# Activity
Would you repeat exactly the part of the listing below that runs from the line containing "9139 Ribbon Falls" down to the line containing "Staff taking a", inclusive, and nothing else?

BEGIN Information shown

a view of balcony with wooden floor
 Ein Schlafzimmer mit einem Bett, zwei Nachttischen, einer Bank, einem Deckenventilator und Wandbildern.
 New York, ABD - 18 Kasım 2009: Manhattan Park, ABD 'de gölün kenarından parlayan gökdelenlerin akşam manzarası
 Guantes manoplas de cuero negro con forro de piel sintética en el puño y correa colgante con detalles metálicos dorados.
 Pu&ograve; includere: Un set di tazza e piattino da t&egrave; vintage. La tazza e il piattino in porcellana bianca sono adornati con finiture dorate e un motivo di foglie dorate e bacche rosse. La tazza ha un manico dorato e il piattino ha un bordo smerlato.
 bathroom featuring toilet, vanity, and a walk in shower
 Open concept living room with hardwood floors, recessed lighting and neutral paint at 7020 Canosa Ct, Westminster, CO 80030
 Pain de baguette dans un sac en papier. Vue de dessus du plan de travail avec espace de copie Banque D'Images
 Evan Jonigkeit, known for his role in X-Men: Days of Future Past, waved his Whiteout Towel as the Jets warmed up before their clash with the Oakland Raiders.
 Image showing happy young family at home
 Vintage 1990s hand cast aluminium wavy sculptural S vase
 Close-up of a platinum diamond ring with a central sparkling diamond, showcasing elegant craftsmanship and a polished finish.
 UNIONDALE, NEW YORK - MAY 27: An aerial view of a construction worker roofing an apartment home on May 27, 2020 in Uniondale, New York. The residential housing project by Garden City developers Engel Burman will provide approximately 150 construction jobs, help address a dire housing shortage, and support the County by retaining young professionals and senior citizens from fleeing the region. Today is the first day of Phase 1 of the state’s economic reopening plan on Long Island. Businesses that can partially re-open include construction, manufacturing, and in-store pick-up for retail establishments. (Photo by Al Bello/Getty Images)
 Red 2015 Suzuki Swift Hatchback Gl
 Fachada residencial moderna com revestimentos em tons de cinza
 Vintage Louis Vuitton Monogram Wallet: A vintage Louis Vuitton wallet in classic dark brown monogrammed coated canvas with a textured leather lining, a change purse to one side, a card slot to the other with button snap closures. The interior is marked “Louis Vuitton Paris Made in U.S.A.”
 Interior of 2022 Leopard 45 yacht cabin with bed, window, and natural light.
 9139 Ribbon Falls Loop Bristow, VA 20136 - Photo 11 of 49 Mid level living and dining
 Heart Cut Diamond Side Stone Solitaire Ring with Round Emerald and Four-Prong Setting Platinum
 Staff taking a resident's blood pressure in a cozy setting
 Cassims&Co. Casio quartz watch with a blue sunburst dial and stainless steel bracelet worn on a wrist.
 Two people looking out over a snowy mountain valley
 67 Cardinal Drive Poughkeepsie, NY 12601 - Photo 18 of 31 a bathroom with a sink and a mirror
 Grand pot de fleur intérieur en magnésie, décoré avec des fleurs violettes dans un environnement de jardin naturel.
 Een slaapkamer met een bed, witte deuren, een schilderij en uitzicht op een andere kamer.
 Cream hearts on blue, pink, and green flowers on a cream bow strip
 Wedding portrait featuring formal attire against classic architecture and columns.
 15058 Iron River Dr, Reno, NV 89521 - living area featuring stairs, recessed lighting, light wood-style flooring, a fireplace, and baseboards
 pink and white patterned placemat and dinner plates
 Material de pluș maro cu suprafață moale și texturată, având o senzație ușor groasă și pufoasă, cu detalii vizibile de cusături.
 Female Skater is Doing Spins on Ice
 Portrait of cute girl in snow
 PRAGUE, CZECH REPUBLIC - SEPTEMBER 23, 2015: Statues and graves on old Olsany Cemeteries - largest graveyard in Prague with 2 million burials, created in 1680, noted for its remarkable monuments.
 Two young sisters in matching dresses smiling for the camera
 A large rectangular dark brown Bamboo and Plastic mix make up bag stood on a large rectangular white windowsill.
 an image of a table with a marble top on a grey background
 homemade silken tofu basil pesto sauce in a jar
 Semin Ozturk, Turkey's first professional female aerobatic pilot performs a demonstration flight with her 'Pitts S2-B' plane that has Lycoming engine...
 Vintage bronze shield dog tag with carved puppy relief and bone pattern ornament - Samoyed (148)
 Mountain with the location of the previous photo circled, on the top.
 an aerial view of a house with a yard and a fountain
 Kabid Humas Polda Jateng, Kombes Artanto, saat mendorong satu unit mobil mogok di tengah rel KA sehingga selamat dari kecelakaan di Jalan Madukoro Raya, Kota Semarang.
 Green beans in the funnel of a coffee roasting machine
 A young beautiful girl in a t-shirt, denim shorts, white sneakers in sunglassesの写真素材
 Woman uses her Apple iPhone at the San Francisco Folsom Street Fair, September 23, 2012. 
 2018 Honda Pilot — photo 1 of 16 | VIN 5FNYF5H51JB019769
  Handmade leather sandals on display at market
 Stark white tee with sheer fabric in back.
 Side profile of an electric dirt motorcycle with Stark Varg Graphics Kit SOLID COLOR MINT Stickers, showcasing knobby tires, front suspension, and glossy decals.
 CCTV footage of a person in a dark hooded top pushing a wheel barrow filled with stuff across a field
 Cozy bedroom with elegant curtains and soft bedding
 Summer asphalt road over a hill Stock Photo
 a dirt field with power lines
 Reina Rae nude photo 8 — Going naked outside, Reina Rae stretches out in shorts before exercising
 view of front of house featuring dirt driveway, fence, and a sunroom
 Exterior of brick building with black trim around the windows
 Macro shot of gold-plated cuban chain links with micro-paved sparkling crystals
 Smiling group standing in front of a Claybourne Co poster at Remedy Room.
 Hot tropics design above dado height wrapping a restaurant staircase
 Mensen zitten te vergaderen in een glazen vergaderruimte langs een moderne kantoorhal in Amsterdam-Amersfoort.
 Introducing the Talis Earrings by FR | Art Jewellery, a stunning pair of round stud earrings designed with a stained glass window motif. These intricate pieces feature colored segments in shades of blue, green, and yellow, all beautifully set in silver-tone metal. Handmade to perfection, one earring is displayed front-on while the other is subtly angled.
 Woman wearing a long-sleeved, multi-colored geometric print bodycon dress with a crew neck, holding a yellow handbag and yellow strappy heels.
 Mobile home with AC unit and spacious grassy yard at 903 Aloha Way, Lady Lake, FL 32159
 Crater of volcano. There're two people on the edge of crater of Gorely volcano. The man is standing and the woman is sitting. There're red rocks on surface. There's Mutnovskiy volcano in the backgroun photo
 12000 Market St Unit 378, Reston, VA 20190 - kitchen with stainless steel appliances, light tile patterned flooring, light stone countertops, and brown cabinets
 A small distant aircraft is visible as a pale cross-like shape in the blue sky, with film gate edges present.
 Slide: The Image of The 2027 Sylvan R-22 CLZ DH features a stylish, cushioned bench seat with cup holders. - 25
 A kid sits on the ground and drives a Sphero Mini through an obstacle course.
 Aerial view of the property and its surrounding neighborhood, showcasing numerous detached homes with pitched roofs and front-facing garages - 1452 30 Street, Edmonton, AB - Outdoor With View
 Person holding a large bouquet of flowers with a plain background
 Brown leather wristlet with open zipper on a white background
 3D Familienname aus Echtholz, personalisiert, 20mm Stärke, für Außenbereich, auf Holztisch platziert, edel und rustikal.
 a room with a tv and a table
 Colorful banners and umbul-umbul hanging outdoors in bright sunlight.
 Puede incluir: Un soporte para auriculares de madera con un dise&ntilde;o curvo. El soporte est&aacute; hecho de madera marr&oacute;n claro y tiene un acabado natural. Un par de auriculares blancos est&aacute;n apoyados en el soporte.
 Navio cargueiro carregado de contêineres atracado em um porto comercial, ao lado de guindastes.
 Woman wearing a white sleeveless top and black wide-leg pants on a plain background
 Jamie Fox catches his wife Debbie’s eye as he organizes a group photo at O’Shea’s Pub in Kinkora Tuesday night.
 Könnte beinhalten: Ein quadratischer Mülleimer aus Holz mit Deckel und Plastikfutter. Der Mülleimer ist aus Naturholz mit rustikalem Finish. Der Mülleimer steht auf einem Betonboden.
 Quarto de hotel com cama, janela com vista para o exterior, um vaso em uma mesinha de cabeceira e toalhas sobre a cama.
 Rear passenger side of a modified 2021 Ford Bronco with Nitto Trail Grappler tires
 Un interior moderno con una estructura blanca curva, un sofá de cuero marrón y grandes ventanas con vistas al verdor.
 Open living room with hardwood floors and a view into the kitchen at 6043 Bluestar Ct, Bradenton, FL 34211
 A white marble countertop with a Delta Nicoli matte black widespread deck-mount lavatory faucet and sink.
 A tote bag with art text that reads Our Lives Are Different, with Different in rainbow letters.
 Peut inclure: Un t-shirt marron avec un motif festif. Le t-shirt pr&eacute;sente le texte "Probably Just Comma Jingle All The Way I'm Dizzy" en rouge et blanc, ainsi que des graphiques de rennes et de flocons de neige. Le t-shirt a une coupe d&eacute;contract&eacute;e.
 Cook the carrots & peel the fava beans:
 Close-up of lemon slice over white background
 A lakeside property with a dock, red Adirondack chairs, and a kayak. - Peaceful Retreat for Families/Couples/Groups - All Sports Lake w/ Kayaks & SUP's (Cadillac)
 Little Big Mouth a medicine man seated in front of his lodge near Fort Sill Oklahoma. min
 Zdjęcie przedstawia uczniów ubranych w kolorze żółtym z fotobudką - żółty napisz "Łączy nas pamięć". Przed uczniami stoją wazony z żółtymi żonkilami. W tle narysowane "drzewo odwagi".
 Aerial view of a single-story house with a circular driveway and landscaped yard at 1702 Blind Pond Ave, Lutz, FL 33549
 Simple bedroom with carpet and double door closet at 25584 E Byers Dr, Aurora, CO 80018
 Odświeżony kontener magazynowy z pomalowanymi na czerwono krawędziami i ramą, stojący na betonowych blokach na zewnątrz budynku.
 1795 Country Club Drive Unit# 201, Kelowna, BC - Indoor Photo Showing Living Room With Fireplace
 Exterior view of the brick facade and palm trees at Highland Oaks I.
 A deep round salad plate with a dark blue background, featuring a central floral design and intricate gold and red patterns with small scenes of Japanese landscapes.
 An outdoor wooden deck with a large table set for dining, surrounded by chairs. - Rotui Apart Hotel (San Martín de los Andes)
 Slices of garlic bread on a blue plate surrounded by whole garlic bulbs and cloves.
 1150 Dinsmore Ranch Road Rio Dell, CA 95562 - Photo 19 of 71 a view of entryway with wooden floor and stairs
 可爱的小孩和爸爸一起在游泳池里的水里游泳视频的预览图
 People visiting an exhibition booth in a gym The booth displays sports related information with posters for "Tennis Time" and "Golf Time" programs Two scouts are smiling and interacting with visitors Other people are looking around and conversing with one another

END Information shown

# Reply to the task
 9139 Ribbon Falls Loop Bristow, VA 20136 - Photo 11 of 49 Mid level living and dining
 Heart Cut Diamond Side Stone Solitaire Ring with Round Emerald and Four-Prong Setting Platinum
 Staff taking a resident's blood pressure in a cozy setting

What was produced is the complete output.